Confronted with failure to promote democracy and growth, many donors seek to bypass recipient governments, by directly funding non-SQ groups. 11 Those concerned that dependence on foreign actors for revenue weakens “vertical accountability” in recipients, allowing the powerful to further enrich themselves at the expense of the poor (Boone 1996), may prefer directly funding civil society and nonexecutive actors. 12 Sometimes called “democracy aid” (Resnick 2012; Scott and Steele 2011), these transfers include programs to establish and strengthen independent electoral commissions, increase voter registration and political participation, train and oversee police and legal processes, and promote human rights and race and gender equality. Pursuing these goals coordinates with leftist’s preoccupation with political and social inequality by strengthening institutional frameworks that ensure representation in government (Therién and Noël 2000). Money sent through such channels may look more legitimate to leftist constituencies skeptical of democratizing governments and business interests.
This discussion produces the following testable expectations.
Rightist internationally minded parties should also use foreign aid liberally. However, their strategy differs substantively from pro-international left governments; preferences for economic growth, liberalized markets, traditional moral and social values, and overall greater tolerance for inequality motivate their choices (e.g., Mair 2007; Volkens et al. 2011). Consequently, we expect right-pro-international parties employ aid to cultivate new markets for capital-intensive exports (Fuchs, Nunnenkamp, and Öhler 2015; Milner and Tingley 2010), carry favor with geopolitically relevant states (Dreher, Sturm, and Vreeland 2009a, 2009b, Kuziemko and Werker 2006), and gain influence over targeted leaders (Bueno de Mesquita and Smith 2007, 2009). These motives may produce equivalent aggregate aid spending across sectors that encourage liberalization and opening of foreign economies (with fewer protections for specific industries) and support more traditional social policies and dominant groups. 13
Milner and Tingley (2010) find evidence of variation in preferences for aid allocation in the U.S. Congress based on the prevalence of heavy-capital industries across constituencies. At the national level, we expect rightist governments use aid to support export-oriented businesses. Contrasting governments that emphasize reducing inequalities, rightist governments might funnel aid toward projects to increase the viability of recipient markets for goods. This can be partially accomplished by boosting the economic capacity of potential trade partners. A vast swathe of the purpose codes identified by the Organisation for Economic Co-operation and Development (OECD) and AidData suggest this motivation.

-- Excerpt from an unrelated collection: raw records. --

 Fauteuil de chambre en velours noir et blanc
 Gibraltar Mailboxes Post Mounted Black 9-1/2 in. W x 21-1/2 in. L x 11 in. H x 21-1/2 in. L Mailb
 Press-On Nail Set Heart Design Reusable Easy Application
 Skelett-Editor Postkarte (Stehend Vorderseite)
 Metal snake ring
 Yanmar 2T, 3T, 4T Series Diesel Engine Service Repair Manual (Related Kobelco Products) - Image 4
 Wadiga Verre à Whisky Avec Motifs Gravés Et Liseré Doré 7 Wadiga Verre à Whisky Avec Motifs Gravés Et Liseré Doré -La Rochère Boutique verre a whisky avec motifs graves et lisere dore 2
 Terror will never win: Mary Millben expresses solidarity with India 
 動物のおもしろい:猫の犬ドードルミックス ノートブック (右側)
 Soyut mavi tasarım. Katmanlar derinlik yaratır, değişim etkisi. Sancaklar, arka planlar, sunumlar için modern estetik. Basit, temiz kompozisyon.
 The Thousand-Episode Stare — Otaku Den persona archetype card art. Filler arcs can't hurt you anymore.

Rightist parties might also pursue “aid-for policy” deals (Bueno de Mesquita and Smith 2009). Just as those concerned about the neediest within recipient countries eschew budget aid as potentially fungible and injurious to their purposes, donors looking to purchase influence may prize program support as the most effective tool (Dreher, Nunnenkamp, and Thiele 2008; Resnick 2012). Less preoccupied by economic inequality, rightist governments value budget aid’s potential to induce reforms beneficial to donor capitol groups. Aid that helps recipients spend on what they choose and bolsters their trade ability has symbolic value. It signals donor support of recipient governments, easing future requests for favors relevant to economic, geopolitical, or other goals.
We should, then, expect the following hypotheses to hold.
Given their ideological propensities, we expect left and right governments on the anti-international side not to increase aid allocations of any type. Inward-looking governments deprioritize influence over foreign countries in ways that are consistent with other aspects of their ideology. Our expectations, then, require that we allow internationalism to condition the effect of ideology on aid flows.
Altogether, we expect that relative differences in ideology produce prominent differences in governments’ foreign aid distribution. Left-international governments allocate resources to aid that reduces economic, social, and political inequalities, whereas more right-international governments use aid to develop market access and trading partners. Focusing only on the total amount of aid would muddle ideology’s effect and produce inconsistent empirical findings across samples. Therefore, we focus our analysis on differences in foreign aid sectors.
Data and Method
We construct a set of aid allocations for twenty-eight donors from 1974 to 2010. 14 Using AidData 2.1 (Tierney et al. 2011), we aggregate aid flows by purpose codes, creating a series of dependent variables appropriate for each hypothesis. We model the time-series cross-sectional nature of these dependent variables using ECM with panel-corrected standard errors. ECMs allow testing for both short- and long-term effects of the key independent variables while accounting for autoregressive processes. The results are comparable to the first difference model used by Tingley 2010 but include lagged values of the independent variables (Best 2012). 15 Specifically, our ECMs take this form 16 :
In Equation 1, Y is a series of dependent variables containing the donor, i’s, yearly total aid allocations in a sector, k. Each dependent variable measures aid allocations for the specified purpose in constant 2009 U.S. dollars. Sectors include Aid to Non-SQ Actors, Disaster Aid, Budget Aid, Trade-factor Aid, and Economic Infrastructure Aid. We identify aid flows appropriate to each sector via AidData’s purpose scheme. For Aid to Non-SQ Actors, we flag projects aimed at “Strengthening Civil Society”, “Legal and Judicial Development”, “Women in Development”, and “Support to National, International, or Local and Regional Non-Governmental Organizations.” 17 Disaster and humanitarian aid have their own category. Budget Aid is similarly easy to isolate as it is described directly as “General Budget Support” (code 51010). We count all “Production Sector” aid as Trade-factor Aid. 18 Finally, we identify aid intended to bolster economic capacity as “Economic Infrastructure and Services.” 19 A logarithmic transformation of each dependent variable improves model performance.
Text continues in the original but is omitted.